* _Task objective_: Below is a listing from which only part is wanted; return exactly the lines from the one with "Alternative Maroon Plaid" up to and including the one with "Guam Christmas Quilt".

* _Materials provided_:

----------

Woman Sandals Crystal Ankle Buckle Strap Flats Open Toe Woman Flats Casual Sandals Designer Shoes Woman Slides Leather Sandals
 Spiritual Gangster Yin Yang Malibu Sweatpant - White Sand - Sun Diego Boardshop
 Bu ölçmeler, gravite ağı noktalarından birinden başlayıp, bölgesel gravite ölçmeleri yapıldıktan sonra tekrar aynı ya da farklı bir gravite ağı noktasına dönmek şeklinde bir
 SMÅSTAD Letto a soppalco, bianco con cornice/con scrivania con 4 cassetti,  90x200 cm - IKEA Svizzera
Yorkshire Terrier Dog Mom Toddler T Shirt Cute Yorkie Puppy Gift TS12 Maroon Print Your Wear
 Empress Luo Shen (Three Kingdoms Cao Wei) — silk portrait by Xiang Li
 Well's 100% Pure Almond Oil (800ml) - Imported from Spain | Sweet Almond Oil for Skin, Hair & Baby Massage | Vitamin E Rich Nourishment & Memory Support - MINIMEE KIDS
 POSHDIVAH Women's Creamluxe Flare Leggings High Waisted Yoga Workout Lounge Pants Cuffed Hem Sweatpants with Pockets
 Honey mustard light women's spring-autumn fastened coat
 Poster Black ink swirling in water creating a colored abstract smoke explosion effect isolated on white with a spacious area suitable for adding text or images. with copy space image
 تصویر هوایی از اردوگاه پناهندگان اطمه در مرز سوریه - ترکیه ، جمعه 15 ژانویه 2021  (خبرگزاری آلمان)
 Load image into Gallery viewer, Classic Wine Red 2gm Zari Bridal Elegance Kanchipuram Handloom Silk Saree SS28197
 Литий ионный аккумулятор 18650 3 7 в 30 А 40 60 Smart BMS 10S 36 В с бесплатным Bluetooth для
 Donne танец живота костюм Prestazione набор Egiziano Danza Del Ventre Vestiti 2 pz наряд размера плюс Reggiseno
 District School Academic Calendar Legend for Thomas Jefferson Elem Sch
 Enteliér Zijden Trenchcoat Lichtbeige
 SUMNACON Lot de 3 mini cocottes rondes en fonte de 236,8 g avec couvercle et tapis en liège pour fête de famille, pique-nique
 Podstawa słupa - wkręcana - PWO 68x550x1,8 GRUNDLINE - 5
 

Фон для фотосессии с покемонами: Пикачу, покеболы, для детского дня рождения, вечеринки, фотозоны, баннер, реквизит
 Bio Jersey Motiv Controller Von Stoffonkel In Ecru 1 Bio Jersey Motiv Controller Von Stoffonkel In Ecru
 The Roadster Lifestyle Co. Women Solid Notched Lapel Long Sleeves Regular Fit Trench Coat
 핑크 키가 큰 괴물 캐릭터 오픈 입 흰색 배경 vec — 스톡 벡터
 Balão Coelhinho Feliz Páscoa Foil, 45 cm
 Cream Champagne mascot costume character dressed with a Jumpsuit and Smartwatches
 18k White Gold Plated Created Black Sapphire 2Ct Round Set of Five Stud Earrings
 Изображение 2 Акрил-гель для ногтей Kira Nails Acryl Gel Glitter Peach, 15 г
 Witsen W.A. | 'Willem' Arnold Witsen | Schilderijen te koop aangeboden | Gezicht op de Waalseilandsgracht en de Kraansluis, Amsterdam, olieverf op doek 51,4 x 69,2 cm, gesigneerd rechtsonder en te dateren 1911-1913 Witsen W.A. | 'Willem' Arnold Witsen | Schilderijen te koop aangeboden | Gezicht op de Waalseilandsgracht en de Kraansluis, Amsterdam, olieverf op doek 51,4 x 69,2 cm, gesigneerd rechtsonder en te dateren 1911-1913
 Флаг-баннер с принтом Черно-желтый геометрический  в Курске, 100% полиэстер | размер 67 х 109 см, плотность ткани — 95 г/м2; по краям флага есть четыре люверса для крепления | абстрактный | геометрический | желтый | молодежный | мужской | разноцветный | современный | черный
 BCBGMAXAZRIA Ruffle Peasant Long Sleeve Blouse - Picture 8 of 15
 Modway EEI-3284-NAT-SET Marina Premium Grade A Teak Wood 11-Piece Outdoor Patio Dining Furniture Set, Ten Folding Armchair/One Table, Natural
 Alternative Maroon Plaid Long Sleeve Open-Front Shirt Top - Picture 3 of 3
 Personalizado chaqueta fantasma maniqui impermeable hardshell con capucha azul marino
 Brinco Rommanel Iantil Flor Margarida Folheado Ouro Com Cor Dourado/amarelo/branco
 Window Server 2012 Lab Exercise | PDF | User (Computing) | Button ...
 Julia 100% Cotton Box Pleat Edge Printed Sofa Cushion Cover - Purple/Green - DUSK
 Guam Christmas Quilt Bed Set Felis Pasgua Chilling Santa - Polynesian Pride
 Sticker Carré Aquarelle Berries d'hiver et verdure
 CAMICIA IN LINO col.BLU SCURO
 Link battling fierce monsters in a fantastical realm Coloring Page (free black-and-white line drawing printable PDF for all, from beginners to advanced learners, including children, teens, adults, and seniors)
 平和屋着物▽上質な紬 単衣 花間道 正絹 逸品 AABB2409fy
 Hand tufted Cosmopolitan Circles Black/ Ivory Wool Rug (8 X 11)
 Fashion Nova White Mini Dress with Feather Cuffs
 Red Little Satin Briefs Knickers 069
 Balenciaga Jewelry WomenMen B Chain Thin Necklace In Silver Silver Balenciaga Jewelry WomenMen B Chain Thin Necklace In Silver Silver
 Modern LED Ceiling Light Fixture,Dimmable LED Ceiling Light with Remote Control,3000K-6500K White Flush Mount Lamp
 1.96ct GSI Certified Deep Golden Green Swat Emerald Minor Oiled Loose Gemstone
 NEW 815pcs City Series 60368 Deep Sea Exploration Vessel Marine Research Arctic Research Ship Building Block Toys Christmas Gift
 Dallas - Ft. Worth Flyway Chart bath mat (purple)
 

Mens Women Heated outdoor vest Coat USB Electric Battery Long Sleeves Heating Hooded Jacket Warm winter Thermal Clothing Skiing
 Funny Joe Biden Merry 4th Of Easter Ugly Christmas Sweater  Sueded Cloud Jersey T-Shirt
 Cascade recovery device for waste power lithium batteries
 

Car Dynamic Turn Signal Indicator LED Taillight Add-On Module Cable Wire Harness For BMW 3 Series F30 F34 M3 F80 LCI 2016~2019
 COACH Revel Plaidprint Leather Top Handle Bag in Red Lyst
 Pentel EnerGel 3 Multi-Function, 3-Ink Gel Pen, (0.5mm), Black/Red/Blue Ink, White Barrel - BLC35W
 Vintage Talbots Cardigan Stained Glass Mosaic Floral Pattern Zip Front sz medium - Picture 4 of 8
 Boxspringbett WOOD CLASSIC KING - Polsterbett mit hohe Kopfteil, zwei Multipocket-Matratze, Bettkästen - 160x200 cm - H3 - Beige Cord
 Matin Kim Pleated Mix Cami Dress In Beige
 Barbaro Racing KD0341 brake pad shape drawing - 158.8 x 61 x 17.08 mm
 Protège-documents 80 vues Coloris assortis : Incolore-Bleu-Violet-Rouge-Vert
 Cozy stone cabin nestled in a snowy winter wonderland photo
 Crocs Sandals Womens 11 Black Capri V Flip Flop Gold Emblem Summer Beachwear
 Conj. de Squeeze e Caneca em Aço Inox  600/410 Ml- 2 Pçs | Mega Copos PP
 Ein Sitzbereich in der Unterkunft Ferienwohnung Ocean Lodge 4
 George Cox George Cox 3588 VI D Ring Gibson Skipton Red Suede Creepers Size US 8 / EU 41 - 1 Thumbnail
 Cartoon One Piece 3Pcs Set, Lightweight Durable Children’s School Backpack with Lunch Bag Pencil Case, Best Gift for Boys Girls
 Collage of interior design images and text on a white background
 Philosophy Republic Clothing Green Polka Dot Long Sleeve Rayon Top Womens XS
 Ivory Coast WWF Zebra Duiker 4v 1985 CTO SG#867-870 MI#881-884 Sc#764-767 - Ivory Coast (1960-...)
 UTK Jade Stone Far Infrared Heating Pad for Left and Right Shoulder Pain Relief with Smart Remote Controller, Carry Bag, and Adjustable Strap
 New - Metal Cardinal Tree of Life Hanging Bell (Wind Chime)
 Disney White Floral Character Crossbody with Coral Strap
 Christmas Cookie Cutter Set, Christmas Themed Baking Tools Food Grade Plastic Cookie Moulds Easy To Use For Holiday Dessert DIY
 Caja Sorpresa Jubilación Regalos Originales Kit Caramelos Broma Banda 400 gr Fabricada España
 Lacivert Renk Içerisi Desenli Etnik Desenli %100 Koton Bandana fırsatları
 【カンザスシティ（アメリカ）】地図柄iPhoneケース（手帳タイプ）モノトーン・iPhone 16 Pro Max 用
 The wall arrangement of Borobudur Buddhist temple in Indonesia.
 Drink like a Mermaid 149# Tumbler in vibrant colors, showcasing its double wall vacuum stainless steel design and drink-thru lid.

----------

* _Task result_:
 Alternative Maroon Plaid Long Sleeve Open-Front Shirt Top - Picture 3 of 3
 Personalizado chaqueta fantasma maniqui impermeable hardshell con capucha azul marino
 Brinco Rommanel Iantil Flor Margarida Folheado Ouro Com Cor Dourado/amarelo/branco
 Window Server 2012 Lab Exercise | PDF | User (Computing) | Button ...
 Julia 100% Cotton Box Pleat Edge Printed Sofa Cushion Cover - Purple/Green - DUSK
 Guam Christmas Quilt Bed Set Felis Pasgua Chilling Santa - Polynesian Pride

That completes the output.